Allo stesso modo, però, questo simbolo è anche culturale, è inutile negarlo, rappresenta la storia e i sentimenti più veri del nostro popolo, la sua identità tradotta nella trama profonda delle leggi, e come tale non va tolto, ma anzi valorizzato come simbolo di pace, accoglienza dell’ultimo, umiltà, unità, misericordia e amore oltre ogni limite. Un mio amico, laico non credente doc, mi ha suggerito di apporre in prossimità del crocifisso questa avvertenza: «Con l’esposizione del crocifisso non si intende affermare il primato della Chiesa cattolica e della religione cristiana sulle altre confessioni religiose. Esso rappresenta esclusivamente un simbolo di identità culturale in quanto in Italia, tradizionalmente, il sentimento della fede religiosa si è espresso nella forma del Cattolicesimo».

Tolleranza negativa

Non credo, quindi, che arriveremo da nessuna parte con la cultura oggi dominante di «quel simbolo mi dà fastidio quindi va tolto». E neanche con le pareti bianche, che significano appiattire le società, rendere gli uomini tutti uguali livellandoli in basso, togliere il senso della vita alla gente, ridurre tutto ad una razionalità soffocante. Il papa ha parlato recentemente della cosiddetta tolleranza negativa per cui la religione e la fede cristiana non possono più esprimersi in modo visibile: «Si tratta di uno sviluppo che conduce sempre più a una rivendicazione intollerante da parte di una nuova religione che pretende di essere valida per tutti perché razionale, anzi, perché è la ragione stessa che sola conosce e che quindi determina anche ciò che è rilevante per ognuno».

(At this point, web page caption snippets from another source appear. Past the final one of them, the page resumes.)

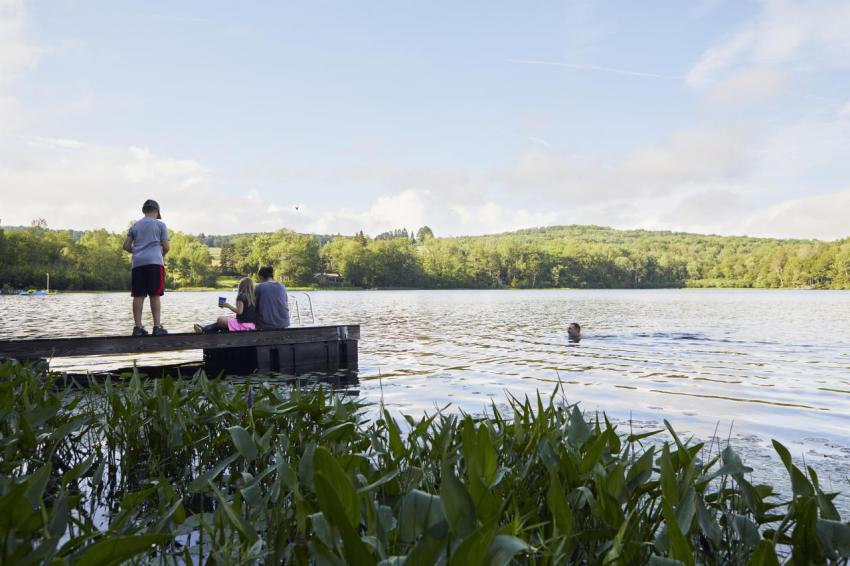 Three children on jetty father swimming in lake 2024 06 26 17 11 06 utc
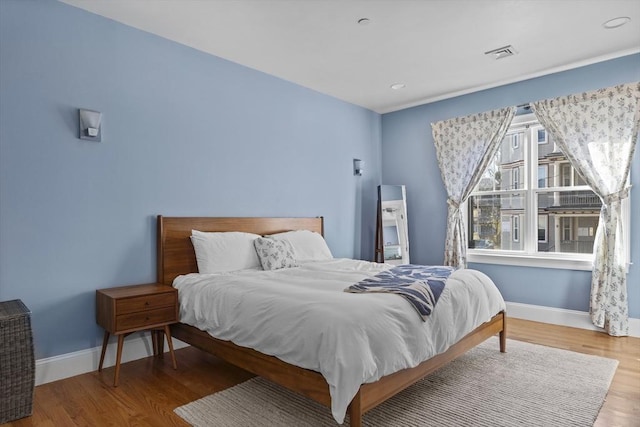 bedroom with hardwood / wood-style floors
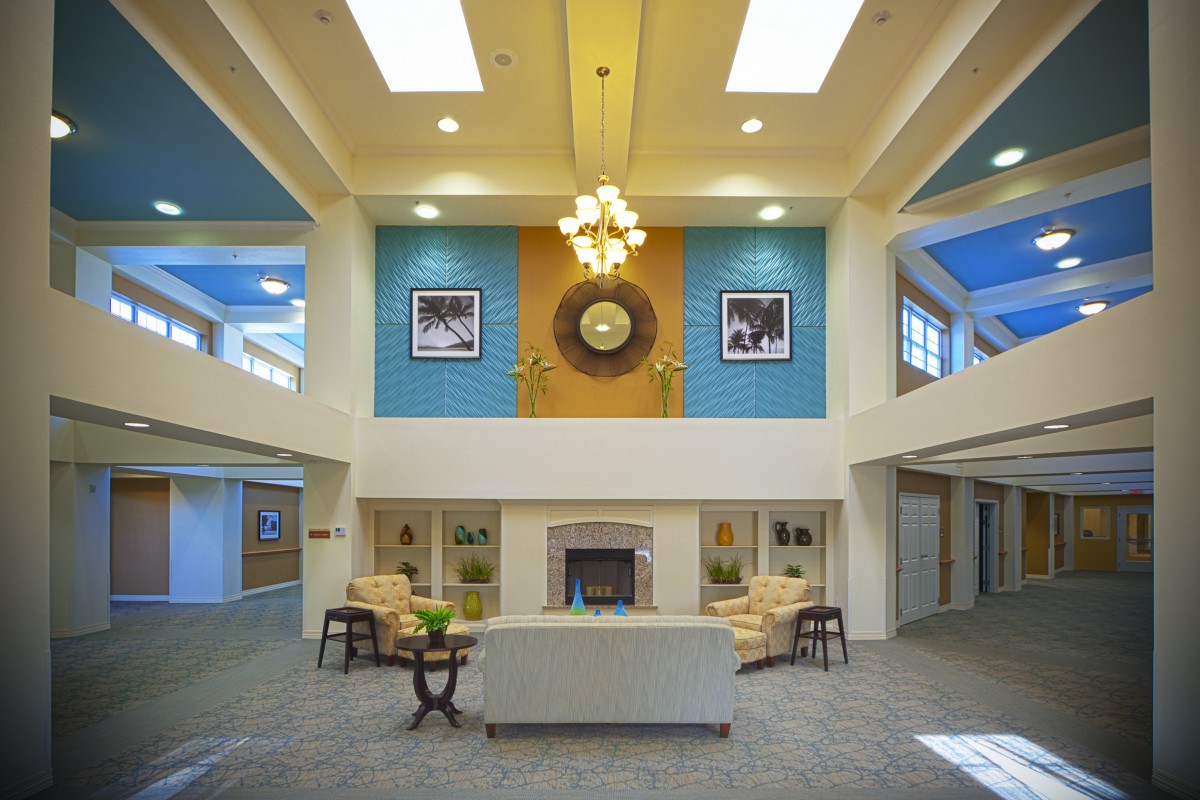 A spacious lobby with elegant interior design featuring a central chandelier, comfortable seating, and a fireplace.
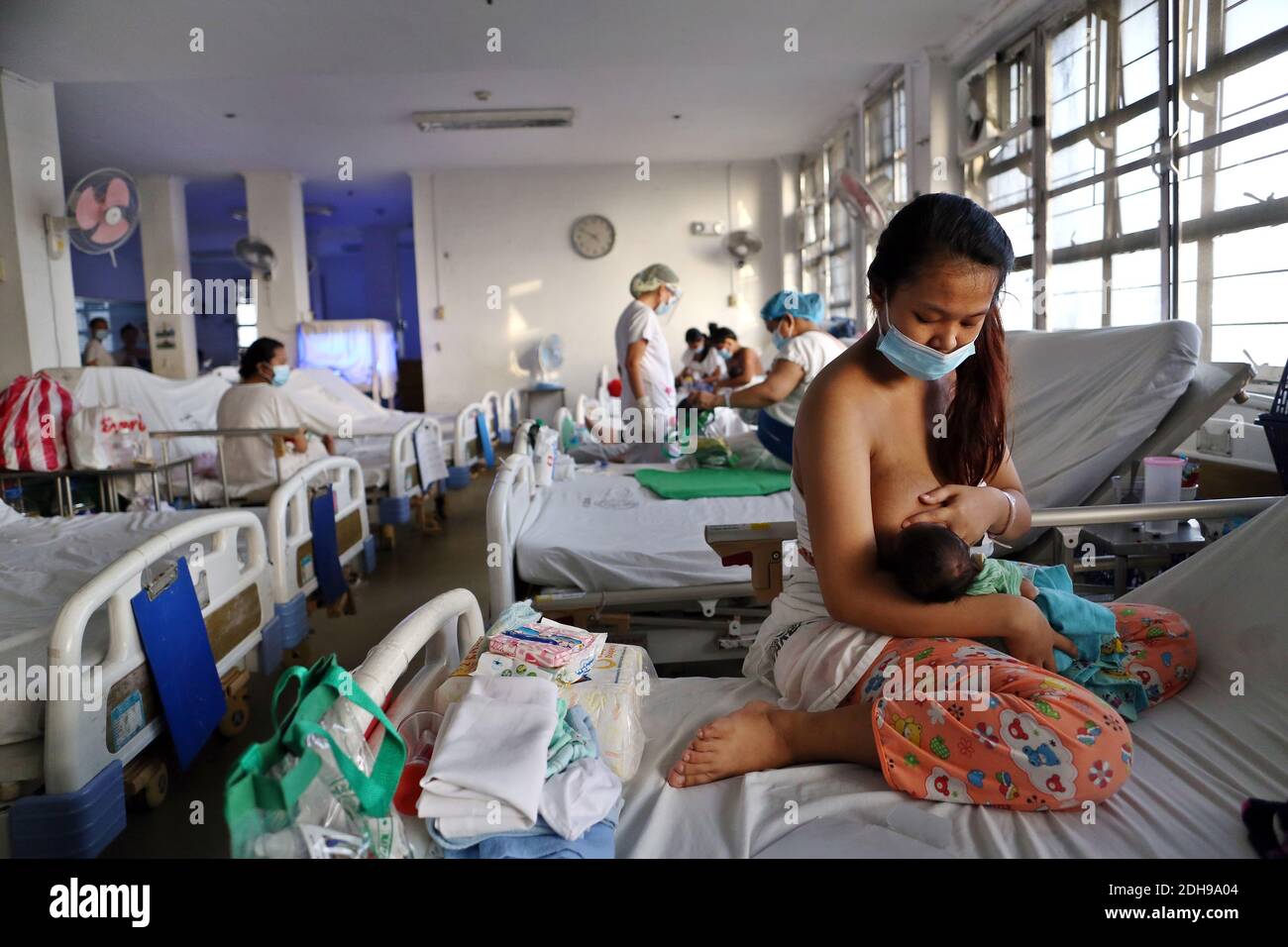 Manila, Philippines. 08th Dec, 2020. A mother is breastfeeding her baby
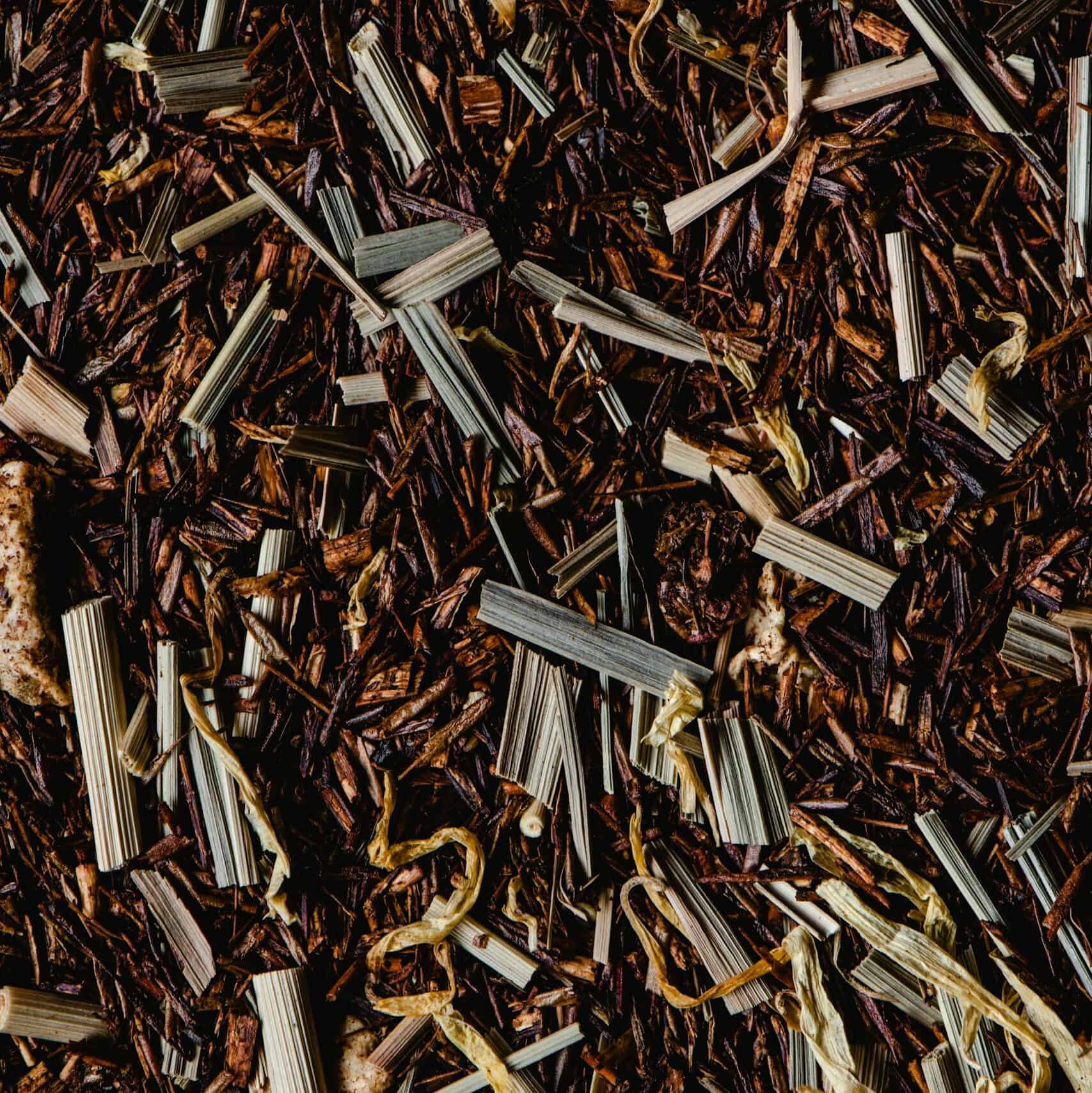 Close-up of dried rooibos and lemongrass blend highlighting texture and color.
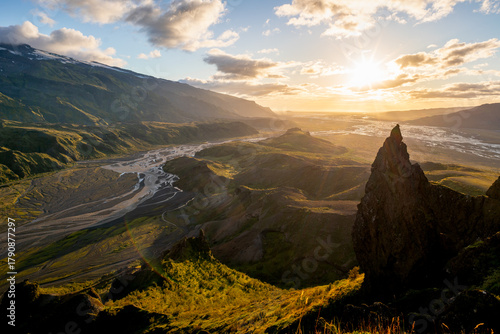 Beautiful sunset in the lush valley of Þórsmörk (Thorsmork) in Iceland’s southern highlands — a dramatic landscape of moss-covered mountains, glacial rivers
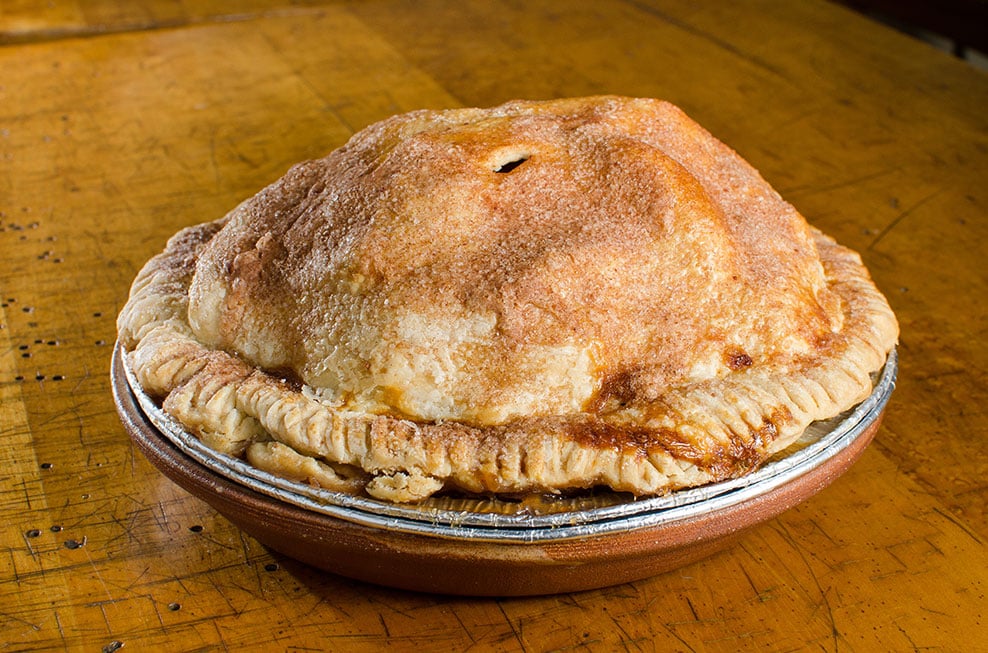 A whole, golden-brown, homemade apple pie with a domed, flaky crust sits in a pie tin on a wooden surface. The crust is sprinkled with sugar and shows slight bubbling at the edges. Classic apple pies never looked so inviting!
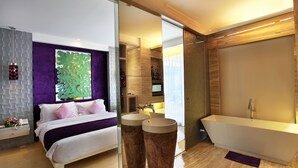 A modern hotel room with a bed, a large mirror, a bathtub, and a bathroom vanity. - Grand Mega Resort & Spa Bali (Kuta)
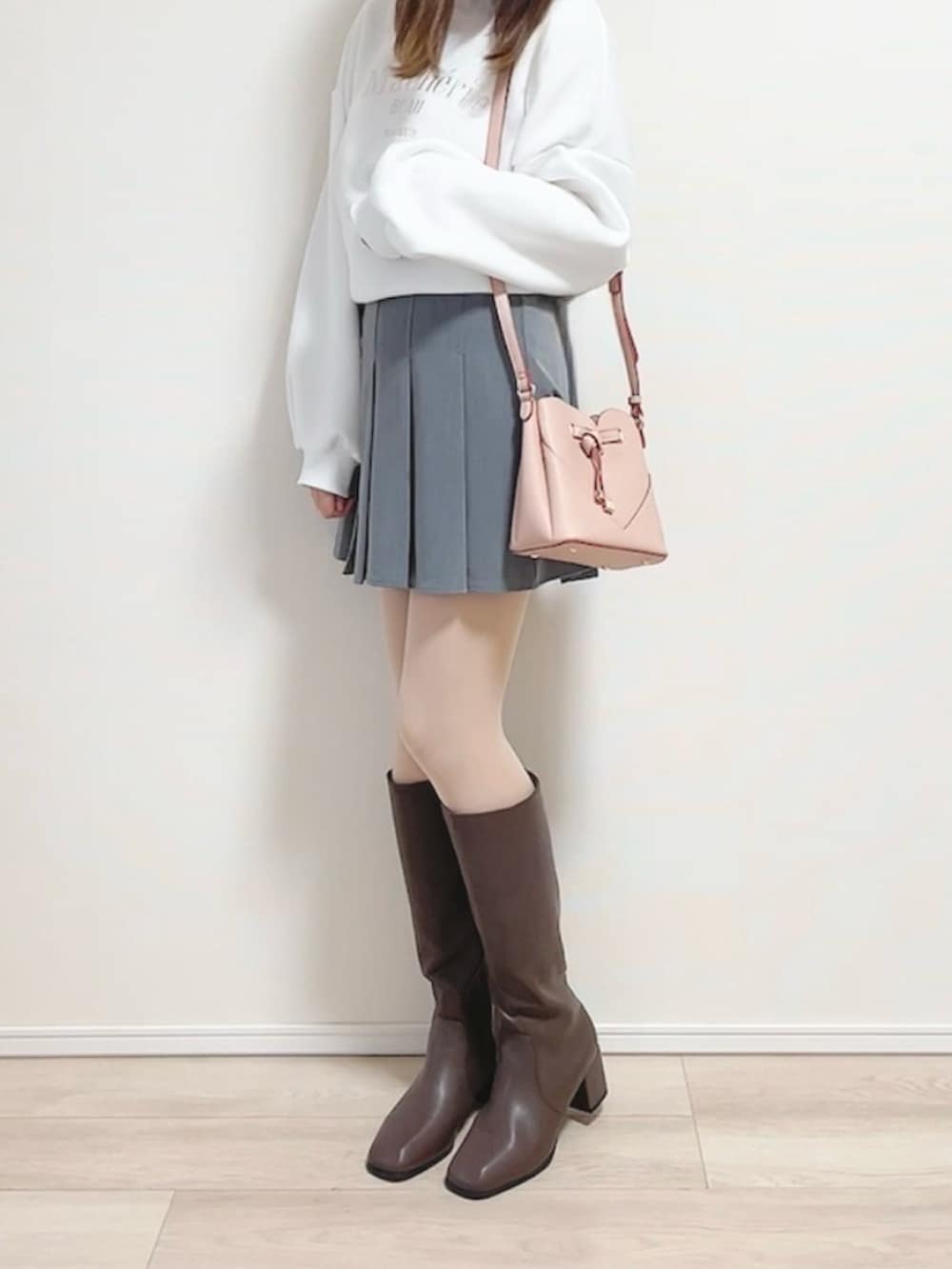 ホワイト系のスウェット、ピンク系のショルダーバッグ、グレー系のスカートを着用したレディースの冬コーディネートの2枚目の写真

Allo stesso modo penso non ci possa bastare il nichilismo banale del “tutto è uguale a tutto, tutto è permesso, per cui nulla vale qualcosa”. A difenderci da questa tentazione, ricorrente in ogni generazione, penso sia la storia che ci ha dato nei secoli, e ci dà tuttora, dure e chiare lezioni a riguardo.

Un metodo per il dialogo

Detto ciò, però, come uscire da questa contrapposizione rigida sul crocifisso come su altri temi eticamente sensibili? Il primo passo è rendersi conto che sia le persone credenti sia quelle senza un riferimento religioso hanno bisogno le une delle altre. La vita è migliore, più interessante, varia, giusta e armonica se la società può contare sul contributo di entrambi. Non sono molte oggi le testimonianze di questo impegno fianco a fianco, basato su valorizzazione dei valori comuni, rispetto reciproco e assunzione della buona fede dell’altro. Ma qualche esempio c’è e fa ben sperare per il futuro.

In particolare vorrei concludere con l’indicazione di un metodo che ho ascoltato (e visto messo in pratica) nel dialogo tra la presidente del Movimento dei Focolari, Maria Voce, e i partecipanti ad un convegno internazionale tra persone di convinzioni diverse, religiose e non religiose. Nel dialogo prima di tutto bisogna avere una propria idea, per quanto possibile precisa e motivata. Poi porsi in atteggiamento di reciproco rispetto, senza l’intenzione, esplicita o nascosta, di convincere a tutti i costi. Quando il primo inizia ad esporre il proprio pensiero, l’altro deve fargli spazio dentro di sé senza filtri, accogliendolo senza pensare a come ribattere e accettando di essere contaminato dalle idee che riceve. Poi il secondo a sua volta esporrà il proprio pensiero.

Se l’atteggiamento di accoglienza, rispetto e stima sarà reciproco, alla fine probabilmente ognuno dei due rimarrà della propria idea, ma sentirà messa in luce dentro di sé quella parte del proprio pensiero che si avvicina maggiormente alla verità. Verrà fuori, per entrambi, una nuova comprensione dell’argomento, che supera la posizione iniziale dell’uno e dell’altro. Entrambi saranno più vicini alla verità e tra di loro. Con la mente e non solo.